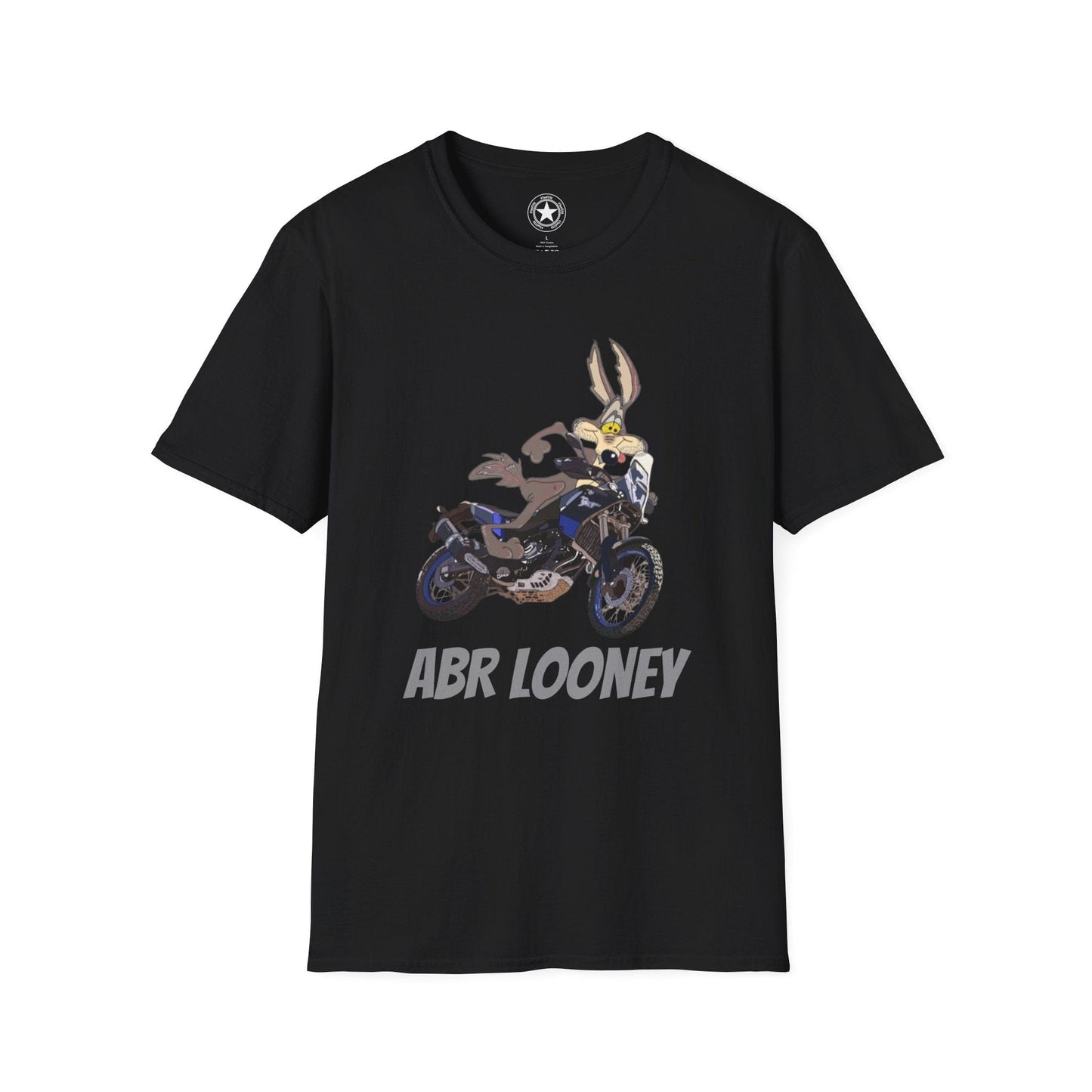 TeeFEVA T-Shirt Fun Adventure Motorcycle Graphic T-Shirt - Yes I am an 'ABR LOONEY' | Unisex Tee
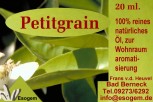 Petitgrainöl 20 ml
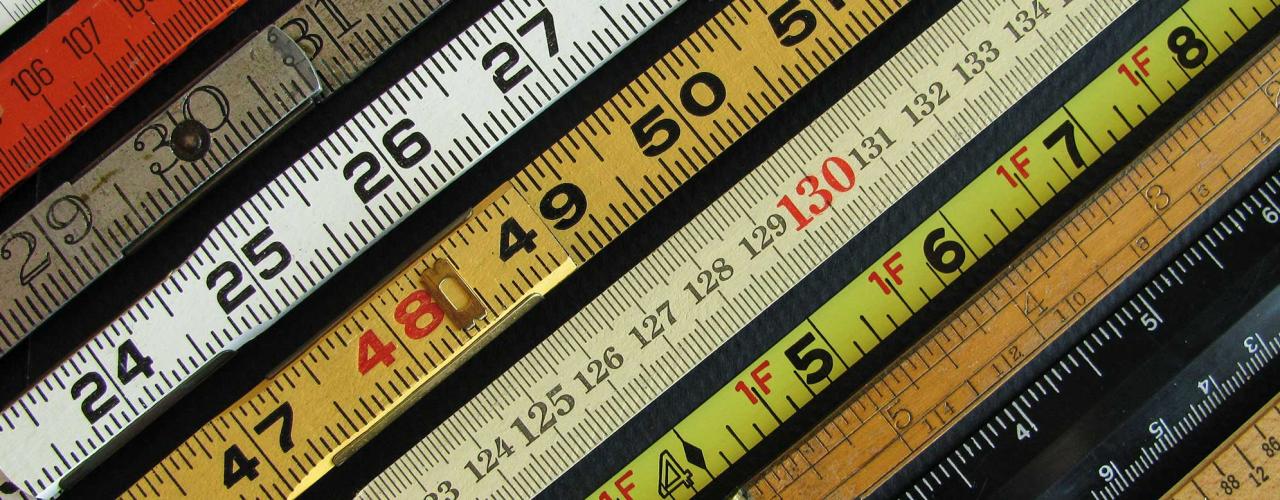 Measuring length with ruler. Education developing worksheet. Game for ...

...

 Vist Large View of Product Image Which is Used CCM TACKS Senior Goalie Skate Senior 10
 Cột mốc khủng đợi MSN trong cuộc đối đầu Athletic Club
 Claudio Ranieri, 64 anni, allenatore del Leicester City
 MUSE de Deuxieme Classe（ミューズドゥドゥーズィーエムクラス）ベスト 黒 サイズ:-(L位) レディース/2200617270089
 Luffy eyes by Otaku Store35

...

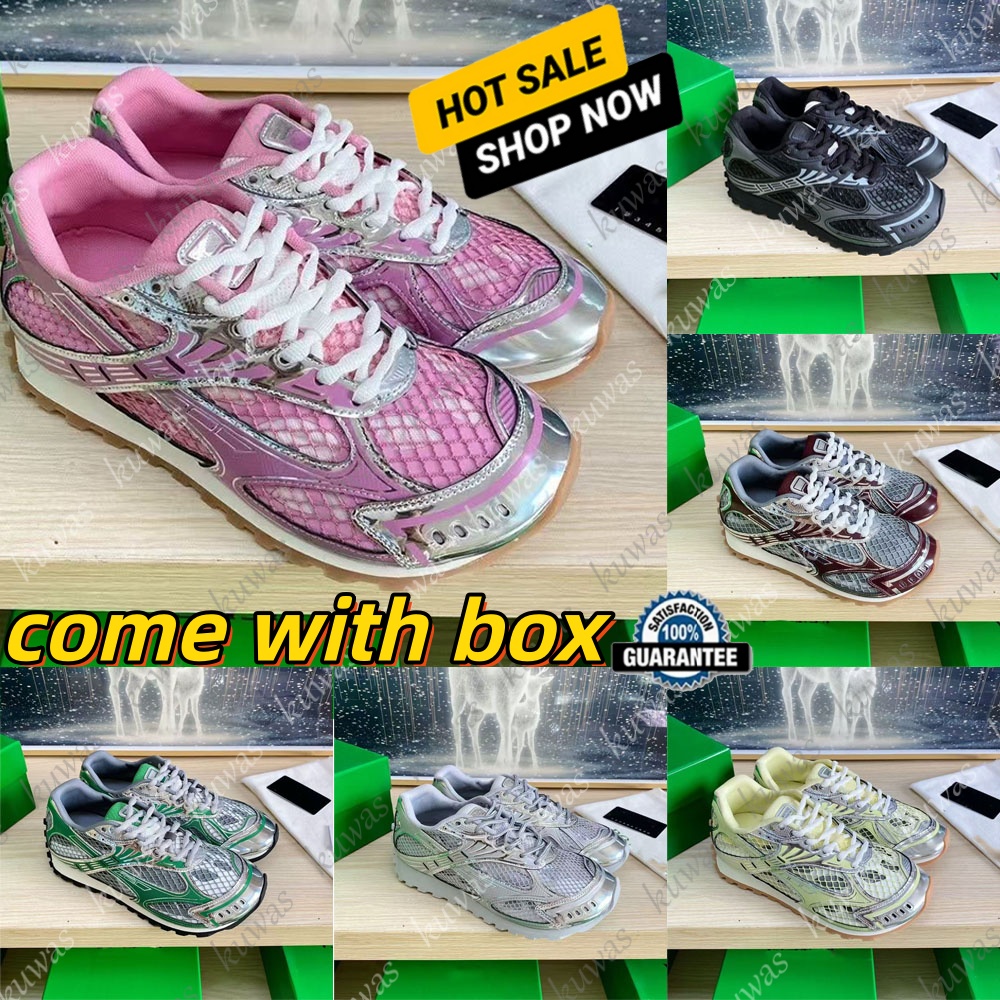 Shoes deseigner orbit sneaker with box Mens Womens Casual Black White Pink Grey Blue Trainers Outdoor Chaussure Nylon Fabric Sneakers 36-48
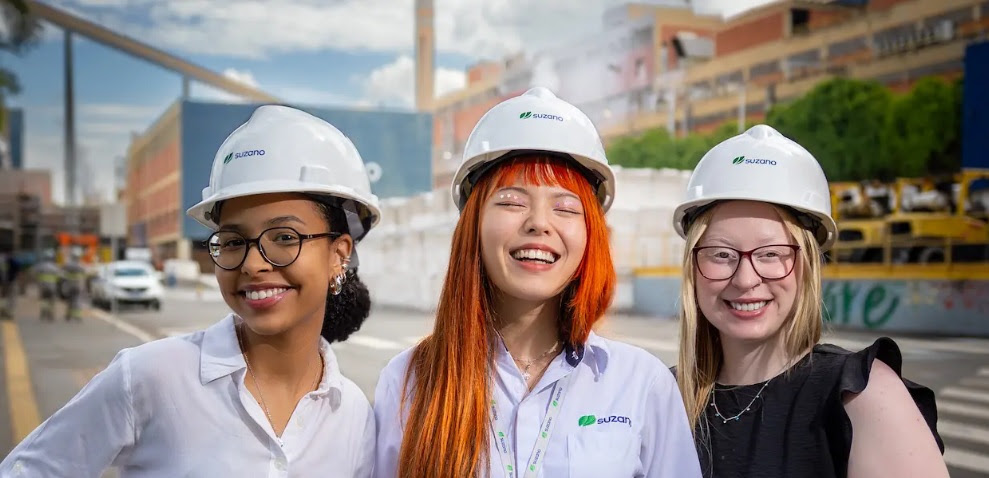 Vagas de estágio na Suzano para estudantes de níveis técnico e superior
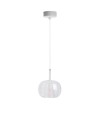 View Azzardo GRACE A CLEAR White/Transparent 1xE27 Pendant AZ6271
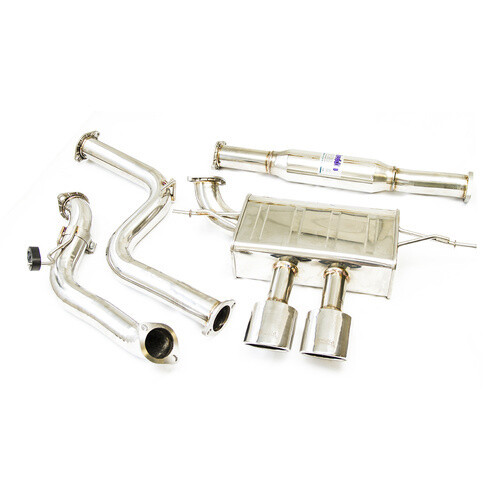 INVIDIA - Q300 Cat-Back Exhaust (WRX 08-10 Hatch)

== ACTIVITY ==
Nothing but the lines above from the one that has "Vagas de estágio" down to the one that has "INVIDIA - Q300" belongs in the answer, copied exactly, without pictures.

== REPLY TO THE EXERCISE ==
 Vagas de estágio na Suzano para estudantes de níveis técnico e superior
 View Azzardo GRACE A CLEAR White/Transparent 1xE27 Pendant AZ6271
 INVIDIA - Q300 Cat-Back Exhaust (WRX 08-10 Hatch)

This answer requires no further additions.